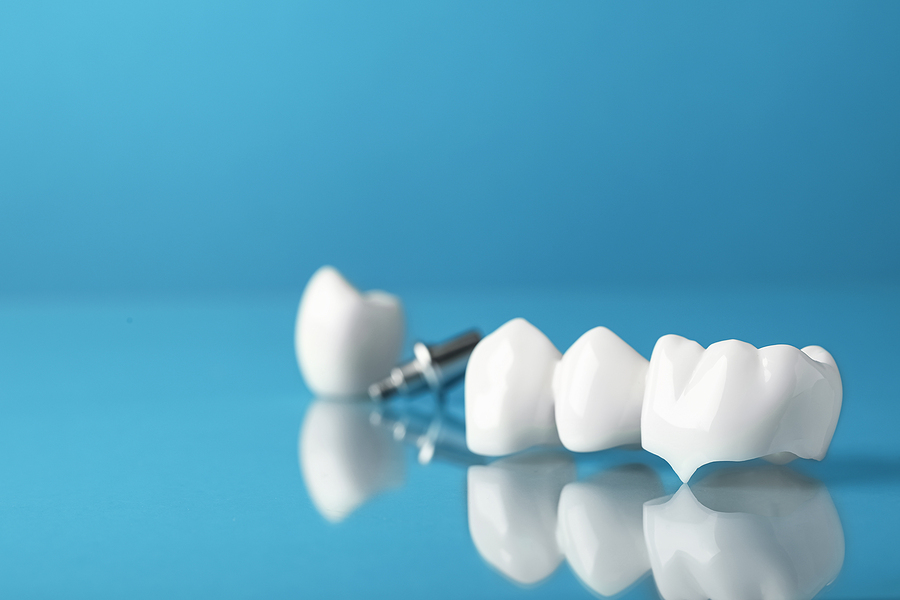 Everything You Need to Know About Dental Crowns: The Royal Treatment for Your Teeth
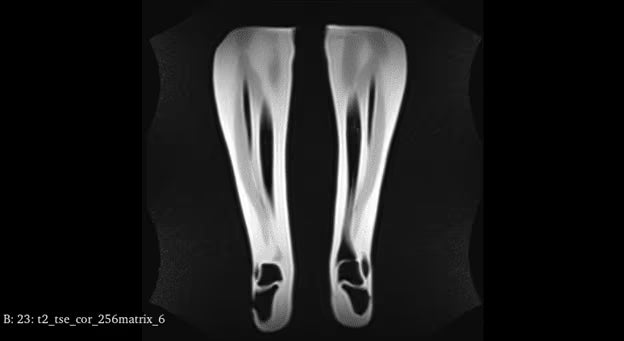 Adult Full Body with Muscles for X-Ray CT, MRI FB-A02 image 41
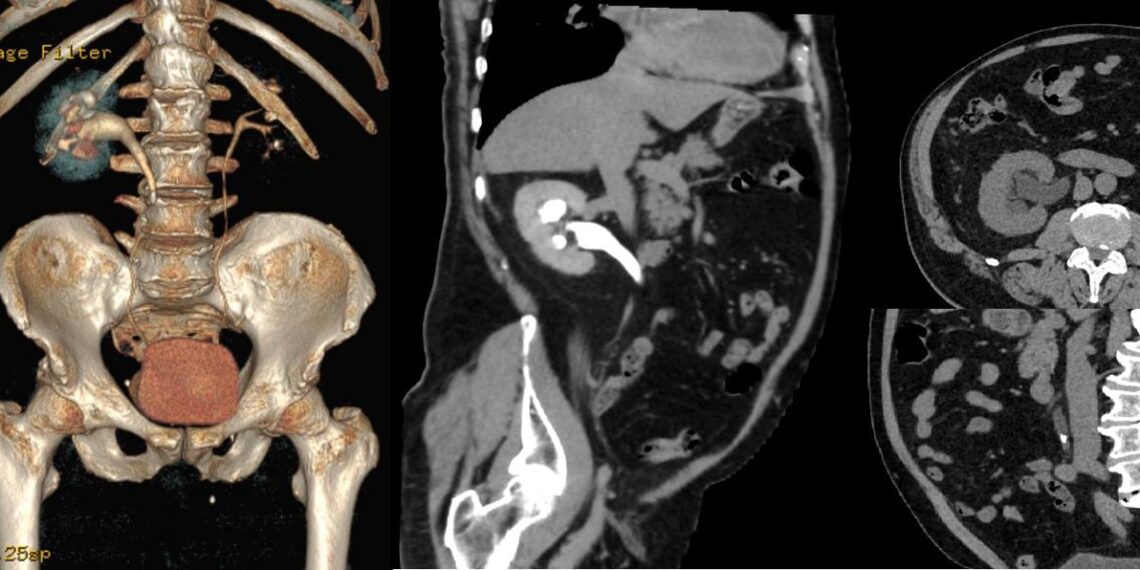 Urografii gratuite la Babeș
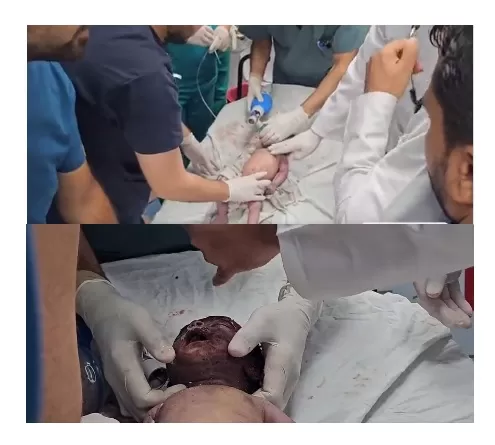 فيديو لا يتحمله بشر يوثق لحظة استشهاد رضيع فلسطيني جراء قصف إسرائيلي الأطباء يحاولون إنعاش الرضيع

● **Required work**: Retype all the material word for word while skipping any picture it contains.

● **Solution to the problem**:
 Everything You Need to Know About Dental Crowns: The Royal Treatment for Your Teeth
 Adult Full Body with Muscles for X-Ray CT, MRI FB-A02 image 41
 Urografii gratuite la Babeș
 فيديو لا يتحمله بشر يوثق لحظة استشهاد رضيع فلسطيني جراء قصف إسرائيلي الأطباء يحاولون إنعاش الرضيع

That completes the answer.